In a fascinating decision, the Second Circuit has ruled that an internet merchant cannot compel arbitration with a consumer, when it only emailed the consumer the arbitration agreement after the consumer agreed to the purchase, without any requirement that the consumer affirmatively assent to the term.
In Schnabel v. Trilegiant Corp., __ F.3d __, 2012 WL 3871366 (2d Cir. Sept. 7, 2012), a father and son each purchased items through on-line websites (Priceline.com and Beckett.com). As they were finalizing their purchases, they clicked on a hyperlink inviting them to get cash back on their purchases. (Lesson #1 in this post – watch out for post-transaction marketing!) By entering their city and a password (but not their credit card information), they ended up agreeing to a monthly membership in “Great Fun” — a program offering discounts on products and services. The father and son later realized they had been paying $12-$15 per month for this membership, and brought a putative class action alleging they had never intended to join Great Fun and their membership was the result of deceptive practices.
The defendant then moved to compel arbitration, relying on “terms and conditions” of its Great Fun membership that mandated binding arbitration and precluded class-wide arbitration.
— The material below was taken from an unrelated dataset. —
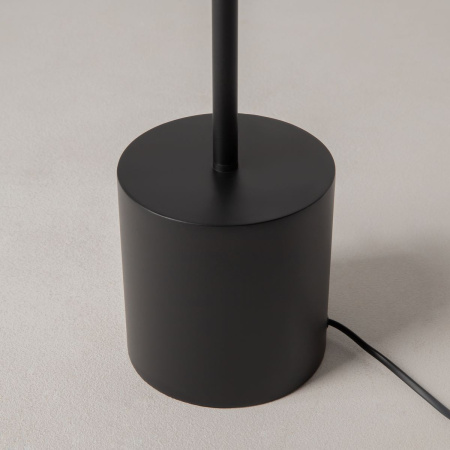 Торшер Maytoni Modern Evolution MOD396FL-L10W3K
Those terms and conditions were available to the father and son if they had clicked on another hyperlink from the page where they entered their city and a password. The defendant also had a practice of sending its full terms and conditions to all purchasers by email. The district court and appellate court denied the defendant’s motion to compel arbitration, finding no arbitration agreement had been formed.
The court’s analysis focused exclusively on whether the terms and conditions Great Fun emailed to the plaintiffs put them on notice of the arbitration provision. (The court refused to consider whether the hyperlink on the sign up page was sufficient, even though it acknowledged that “might have created a substantial question as to” whether there an arbitration agreement was formed, because defendant failed to raise that issue in the district court. Lesson #2 in this post — make every argument in the district court.) The court summarized applicable contract law by saying that where plaintiffs were not on actual notice of the arbitration provision (because it was not on the sign up page), they can only be bound by it if they were on “inquiry notice” of the term and assented through their conduct. In this case, the Second Circuit concluded “[w]e do not think that an unsolicited email from an online consumer business puts recipients on inquiry notice of the terms enclosed in that email . . . and that a failure to act affirmatively to cancel the membership will, alone, constitute assent.”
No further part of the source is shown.